The lawsuit by Trent Wilkinson, filed in Yakima County Superior Court on Monday, alleges that council members voted 5-2 in a closed-door meeting to direct city staff to remove chalk art from city streets.
“No notice was given by the Selah City Council to the public that a vote would be taken on whether or not the city of Selah would be removing chalk art,” the lawsuit states. “Defendants’ conduct in making decisions in violation of the (Open Public Meetings Act) is ongoing and violates the clear intent and purpose of the OPMA.”
Selah City Attorney D.R. “Rob” Case said he had only received lawsuit the day before, and that the city does not comment on active litigation.
“I have no substantive comment,” Case said.
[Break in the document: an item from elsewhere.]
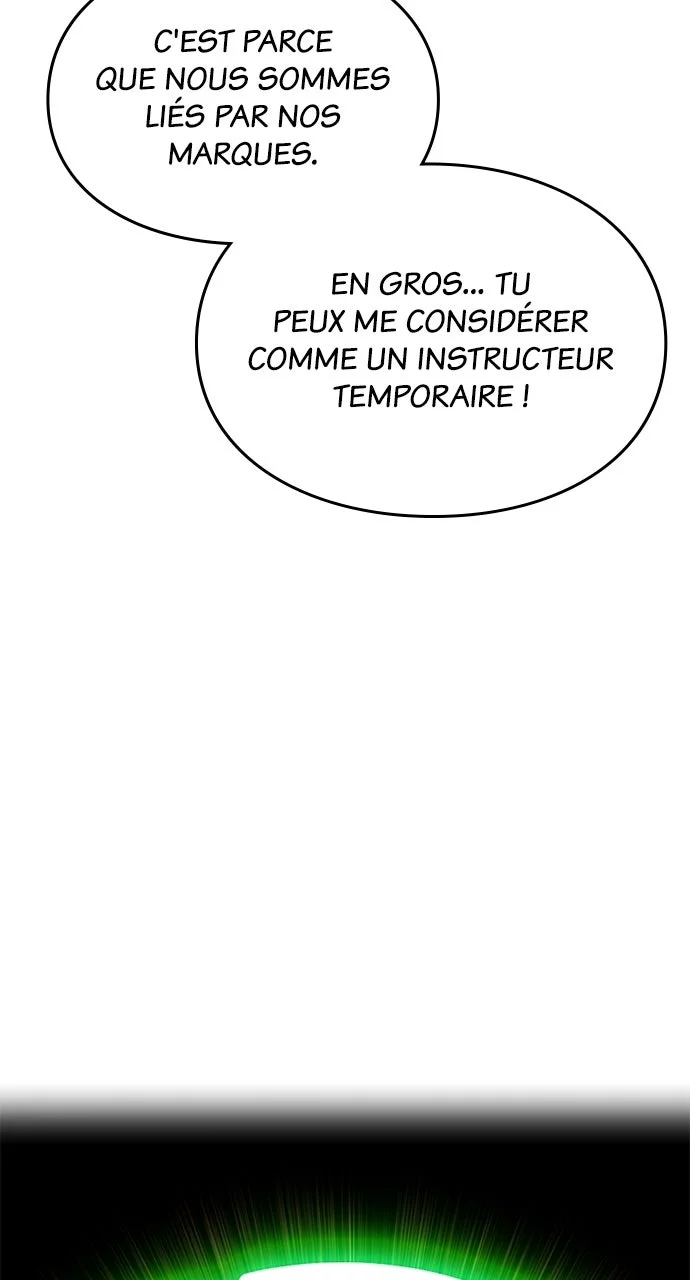 I Am The Strongest Awakeners Chapitre 87 - Page 95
Washington’s public meetings act requires governing bodies to conduct business in open meetings. It allows for closed-door executive sessions to discuss imminent litigation, real-estate negotiations and personnel matters, but forbids councils and other governing bodies from acting and voting in those meetings.
In June, the city repeatedly erased chalk art supporting the Black Lives Matter movement drawn on a dead end city street, prompting protests and additional chalk art drawn around the city. The chalk art often supported the Black Lives Matter movement, decried racism and was critical of City Administrator Don Wayman.
At the July 28 City Council meeting, Councilman Kevin Wickenhagen spoke about the concerns with treating chalk art as protected speech. Wayman then reminded him that the council had approved the cleanup efforts, according to court documents and a YouTube recording of the meeting.
“We had two council members vote against cleaning it up,” Wayman said at the meeting. “But there were five that voted for it, so where are we at here? Are we changing?”
Attorney Tim Hall, who is representing Wilkinson, said it appears that the vote was taken during an earlier executive session to discuss personnel matters as there were no public votes on that matter in previous meetings.
“The executive session vote and secretive deliberative process by the city of Selah on whether or not to remove chalk art from public places within the city of Selah violated the OPMA by failing to be transparent and having a quorum of the council take a secret vote that was intended to be a final action as admitted by City Administrator Don Wayman,” the lawsuit states.
In the lawsuit, Wilkinson asks the court to declare the council violated the meetings act, rescind the action that was taken and have the city pay attorneys’ fees.